Junior 5 - Sassandra - Grass
In the doubles bracket, Kazim Dizdar finds himself the 2 seed alongside Algerian Hamed El-Kashef. The duo handle the all-Frenchmen Arnoud Bareau/Francois Erquembore team easily enough, 6-2, 5-7, 6-3 in the quarterfinals, but fall in the semis to Russian Igor Timoshinin and Italian Mercurio "Ice Cream" Galetto 6-4, 7-6 (8-6).
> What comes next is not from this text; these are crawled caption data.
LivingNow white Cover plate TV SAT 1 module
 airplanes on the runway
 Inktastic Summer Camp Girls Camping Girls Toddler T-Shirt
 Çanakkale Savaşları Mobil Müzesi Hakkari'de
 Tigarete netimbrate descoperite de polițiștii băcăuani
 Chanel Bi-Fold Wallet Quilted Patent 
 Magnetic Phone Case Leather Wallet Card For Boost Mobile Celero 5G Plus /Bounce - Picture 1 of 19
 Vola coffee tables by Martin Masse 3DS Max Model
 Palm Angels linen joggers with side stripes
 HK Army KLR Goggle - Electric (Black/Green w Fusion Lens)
Tough defeat, though we did lose to the champs, who topped 1 seeds ntndeacon's Algerian Khalif Bouskhela and Slovenian Niksa Frelih 4-6, 6-1, 6-3.

On the singles half, Dizdar is seeded third and handles Russian qualifier Evgeni Guseinov easily enough at 7-5, 6-2. But I knew the day was going to go well when I saw our Young Turk win the first game and the first point of the second game before he dropped his first point. Did blow a 2-0 lead in the second set though before he finally got his head out his ass.

The Italian Ice Cream Man also upset Russian 4 seed Konstantin Radinov in the first round 6-2, 1-6, 7-5. Not bad for a kid who has literal half-ball talent.

Dizdar has issues in the first set, but straightens up to dismiss Argentinian Claudio Vicedo 3-6, 6-2, 6-1 in the quarterfinals - his first ever semi-final singles appearance!

Unfortunately that's where it ends as top seed Frenchman Olivier Pitteaux handles Dizdar easily: 6-2, 6-3. In the other semi Galetto makes it a sweet treat of a tournament by bouncing 2 seed Bouskhela 6-4, 6-4.

France dominates Italy 6-3, 6-0 in the final. Still don't know how Galetto got that far, but here we are.

Fierce competition between Dizdar and Bouskhela. Before the week processes, Bouskhela is 1012th and Dizdar 1025th. Prize money *is* already processed, because we managers demand payment, damn it. There, Dizdar is on top $106 to $101.

It'll be interesting to see how their careers end up

On to hardcourt practice next week, followed by a week off and then to Spain for another hardcourt tournament.

Dizdar is probably on the verge of moving up to Junior 4 tournaments. Though his doubles championship streak ended here, that's three straight J5s he's made the semi-finals, and he's showing signs of breaking through in singles as well, though he has yet to capture a title.